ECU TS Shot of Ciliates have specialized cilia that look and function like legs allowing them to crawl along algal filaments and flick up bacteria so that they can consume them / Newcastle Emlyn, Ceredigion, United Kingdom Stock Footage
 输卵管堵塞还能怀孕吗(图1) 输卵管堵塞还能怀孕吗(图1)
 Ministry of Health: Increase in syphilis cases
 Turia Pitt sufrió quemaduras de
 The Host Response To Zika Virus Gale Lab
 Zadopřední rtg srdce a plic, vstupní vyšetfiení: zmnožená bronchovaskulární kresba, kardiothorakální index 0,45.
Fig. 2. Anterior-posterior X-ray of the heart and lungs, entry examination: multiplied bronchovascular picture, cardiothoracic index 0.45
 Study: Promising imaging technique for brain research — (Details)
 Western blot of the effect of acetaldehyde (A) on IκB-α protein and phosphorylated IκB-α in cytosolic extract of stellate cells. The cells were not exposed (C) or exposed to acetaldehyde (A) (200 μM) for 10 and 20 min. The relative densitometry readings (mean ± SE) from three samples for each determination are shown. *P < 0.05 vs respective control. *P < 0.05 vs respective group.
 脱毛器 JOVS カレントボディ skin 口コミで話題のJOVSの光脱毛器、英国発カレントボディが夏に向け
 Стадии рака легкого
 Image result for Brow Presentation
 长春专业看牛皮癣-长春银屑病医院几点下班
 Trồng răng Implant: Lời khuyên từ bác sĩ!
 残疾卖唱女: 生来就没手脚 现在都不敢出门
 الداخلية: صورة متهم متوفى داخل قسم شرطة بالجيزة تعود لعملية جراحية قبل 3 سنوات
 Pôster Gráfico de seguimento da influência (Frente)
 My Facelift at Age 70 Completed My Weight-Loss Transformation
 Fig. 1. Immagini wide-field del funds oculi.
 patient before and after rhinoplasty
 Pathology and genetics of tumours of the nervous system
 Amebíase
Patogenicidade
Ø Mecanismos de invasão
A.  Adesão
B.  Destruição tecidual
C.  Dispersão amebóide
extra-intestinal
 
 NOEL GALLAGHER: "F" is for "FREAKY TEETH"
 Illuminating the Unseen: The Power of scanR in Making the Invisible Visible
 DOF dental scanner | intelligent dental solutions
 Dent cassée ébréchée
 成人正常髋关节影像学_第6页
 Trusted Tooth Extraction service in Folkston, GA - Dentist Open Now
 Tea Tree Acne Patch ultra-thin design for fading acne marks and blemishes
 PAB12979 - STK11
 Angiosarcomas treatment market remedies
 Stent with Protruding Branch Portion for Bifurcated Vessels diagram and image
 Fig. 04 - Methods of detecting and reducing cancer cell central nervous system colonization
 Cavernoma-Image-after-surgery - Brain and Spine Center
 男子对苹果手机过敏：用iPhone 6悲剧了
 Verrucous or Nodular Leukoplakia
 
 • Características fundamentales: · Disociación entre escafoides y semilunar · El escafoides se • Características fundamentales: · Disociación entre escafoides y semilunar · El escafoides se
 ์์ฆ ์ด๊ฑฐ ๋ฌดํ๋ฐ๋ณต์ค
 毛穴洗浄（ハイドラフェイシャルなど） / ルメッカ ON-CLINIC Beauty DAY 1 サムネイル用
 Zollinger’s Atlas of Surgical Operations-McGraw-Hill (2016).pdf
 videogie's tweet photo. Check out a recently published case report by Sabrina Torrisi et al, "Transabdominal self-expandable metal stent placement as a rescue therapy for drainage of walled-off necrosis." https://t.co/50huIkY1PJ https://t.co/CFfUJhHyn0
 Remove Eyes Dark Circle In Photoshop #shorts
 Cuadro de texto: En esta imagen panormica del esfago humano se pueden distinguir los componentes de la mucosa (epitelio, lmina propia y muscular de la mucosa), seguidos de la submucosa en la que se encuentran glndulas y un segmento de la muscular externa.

┄┄┄┄┄┄┄┄┄┄

▶ **Task statement**: Quote the data in full, keeping each word unchanged.

▶ **Solved problem**:
ECU TS Shot of Ciliates have specialized cilia that look and function like legs allowing them to crawl along algal filaments and flick up bacteria so that they can consume them / Newcastle Emlyn, Ceredigion, United Kingdom Stock Footage
 输卵管堵塞还能怀孕吗(图1) 输卵管堵塞还能怀孕吗(图1)
 Ministry of Health: Increase in syphilis cases
 Turia Pitt sufrió quemaduras de
 The Host Response To Zika Virus Gale Lab
 Zadopřední rtg srdce a plic, vstupní vyšetfiení: zmnožená bronchovaskulární kresba, kardiothorakální index 0,45.
Fig. 2. Anterior-posterior X-ray of the heart and lungs, entry examination: multiplied bronchovascular picture, cardiothoracic index 0.45
 Study: Promising imaging technique for brain research — (Details)
 Western blot of the effect of acetaldehyde (A) on IκB-α protein and phosphorylated IκB-α in cytosolic extract of stellate cells. The cells were not exposed (C) or exposed to acetaldehyde (A) (200 μM) for 10 and 20 min. The relative densitometry readings (mean ± SE) from three samples for each determination are shown. *P < 0.05 vs respective control. *P < 0.05 vs respective group.
 脱毛器 JOVS カレントボディ skin 口コミで話題のJOVSの光脱毛器、英国発カレントボディが夏に向け
 Стадии рака легкого
 Image result for Brow Presentation
 长春专业看牛皮癣-长春银屑病医院几点下班
 Trồng răng Implant: Lời khuyên từ bác sĩ!
 残疾卖唱女: 生来就没手脚 现在都不敢出门
 الداخلية: صورة متهم متوفى داخل قسم شرطة بالجيزة تعود لعملية جراحية قبل 3 سنوات
 Pôster Gráfico de seguimento da influência (Frente)
 My Facelift at Age 70 Completed My Weight-Loss Transformation
 Fig. 1. Immagini wide-field del funds oculi.
 patient before and after rhinoplasty
 Pathology and genetics of tumours of the nervous system
 Amebíase
Patogenicidade
Ø Mecanismos de invasão
A.  Adesão
B.  Destruição tecidual
C.  Dispersão amebóide
extra-intestinal
 
 NOEL GALLAGHER: "F" is for "FREAKY TEETH"
 Illuminating the Unseen: The Power of scanR in Making the Invisible Visible
 DOF dental scanner | intelligent dental solutions
 Dent cassée ébréchée
 成人正常髋关节影像学_第6页
 Trusted Tooth Extraction service in Folkston, GA - Dentist Open Now
 Tea Tree Acne Patch ultra-thin design for fading acne marks and blemishes
 PAB12979 - STK11
 Angiosarcomas treatment market remedies
 Stent with Protruding Branch Portion for Bifurcated Vessels diagram and image
 Fig. 04 - Methods of detecting and reducing cancer cell central nervous system colonization
 Cavernoma-Image-after-surgery - Brain and Spine Center
 男子对苹果手机过敏：用iPhone 6悲剧了
 Verrucous or Nodular Leukoplakia
 
 • Características fundamentales: · Disociación entre escafoides y semilunar · El escafoides se • Características fundamentales: · Disociación entre escafoides y semilunar · El escafoides se
 ์์ฆ ์ด๊ฑฐ ๋ฌดํ๋ฐ๋ณต์ค
 毛穴洗浄（ハイドラフェイシャルなど） / ルメッカ ON-CLINIC Beauty DAY 1 サムネイル用
 Zollinger’s Atlas of Surgical Operations-McGraw-Hill (2016).pdf
 videogie's tweet photo. Check out a recently published case report by Sabrina Torrisi et al, "Transabdominal self-expandable metal stent placement as a rescue therapy for drainage of walled-off necrosis." https://t.co/50huIkY1PJ https://t.co/CFfUJhHyn0
 Remove Eyes Dark Circle In Photoshop #shorts
 Cuadro de texto: En esta imagen panormica del esfago humano se pueden distinguir los componentes de la mucosa (epitelio, lmina propia y muscular de la mucosa), seguidos de la submucosa en la que se encuentran glndulas y un segmento de la muscular externa.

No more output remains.